Shouldn't lines 35-38 be replaced with
network = tf.contrib.rnn.MultiRNNCell([tf.contrib.rnn.GRUCell(self._num_hidden) for _ in range(self._num_layers)])
network = tf.contrib.rnn.DropoutWrapper(network, output_keep_prob=1 - self.dropout)
to fix dropout (which is currently reversed) and to give each layer its own weights?
I tried to do this with my own data, which is a numpy array with 30 rows and each row has a vector of 20 elements. However, the skilearn datasets are very different from my own so I was not able to adapt to this code. The main error comes from data.shape and target.shape. when I delete the data and target and manually define the num_classes, the next error comes when I try to run session and it gives me this error: AttributeError: 'numpy.ndarray' object has no attribute 'target'
I'm trying to learn tensorflow and am running version 1.2.1. Every time I try to run any example with a construction like:
network = tf.contrib.rnn.GRUCell(self._num_hidden)
network = tf.contrib.rnn.DropoutWrapper(
network, output_keep_prob=self.dropout)
network = tf.contrib.rnn.MultiRNNCell([network] * self._num_layers)
I get an error like:
ValueError: Trying to share variable rnn/multi_rnn_cell/cell_0/gru_cell/gates/kernel, but specified shape (400, 400) and found shape (228, 400).
If I remove the DropoutWrapper() call, everything is fine. I can't seem to find any example that doesn't do this, so I'm having trouble learning how to construct a cell with dropout.
hey Joelkr Instead of using
network = tf.contrib.rnn.GRUCell(self._num_hidden)
network = tf.contrib.rnn.DropoutWrapper(
network, output_keep_prob=self.dropout)
network = tf.contrib.rnn.MultiRNNCell([network] * self._num_layers)
define each cell separately and then join them together so they dont share variables like the following :
cells = []
for _ in range(self._num_layers):
cell = tf.contrib.rnn.GRUCell(self._num_hidden) # Or LSTMCell(num_units)
cell = tf.contrib.rnn.DropoutWrapper(
cell, output_keep_prob=1.0 - self.dropout)
cells.append(cell)
network = tf.contrib.rnn.MultiRNNCell(cells)
Hey guys, i saw last
return zero tensor, not real last hidden
.
output, _ = tf.nn.dynamic_rnn(network, self.data, dtype=tf.float32)
# Select last output.
output = tf.transpose(output, [1, 0, 2])
last = tf.gather(output, int(output.get_shape()[0]) - 1)
I have two more questions about this project, hoping that someone who's still reading this blog would be able to answer.
- For a while I was sure about this, but now I'm a bit worried: do I understand it correctly, that one "row" in data represent a feature vector at time t, and the next row represents a feature vector at time t+1?

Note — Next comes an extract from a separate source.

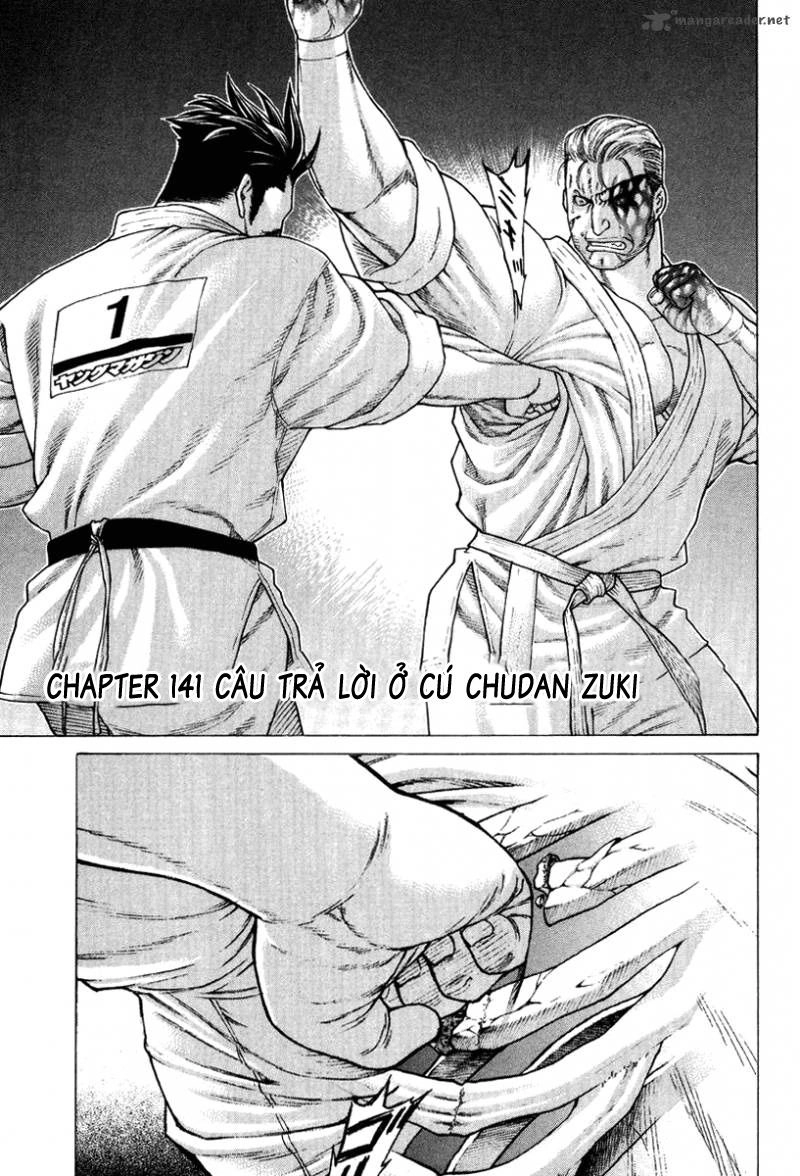 Karate Shoukoushi Kohinata Minoru Chapter 141 - 10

- Would it be possible to include an embedding layer below the GRU layers that would transform rows of binaries with high dimensionality (size) to a lower dimensionality, and if so, how?
Thank you in advance for any help.
If it's not a problem, I'd have a question about the learn rate: does the value 0.003 being wired in mean that the learn rate will be the same in every epoch? Also, I'm fairly new to python and tensorflow, so I don't quite understand what @lazy_property actually does. Can anyone tell me where to read about constructs like this?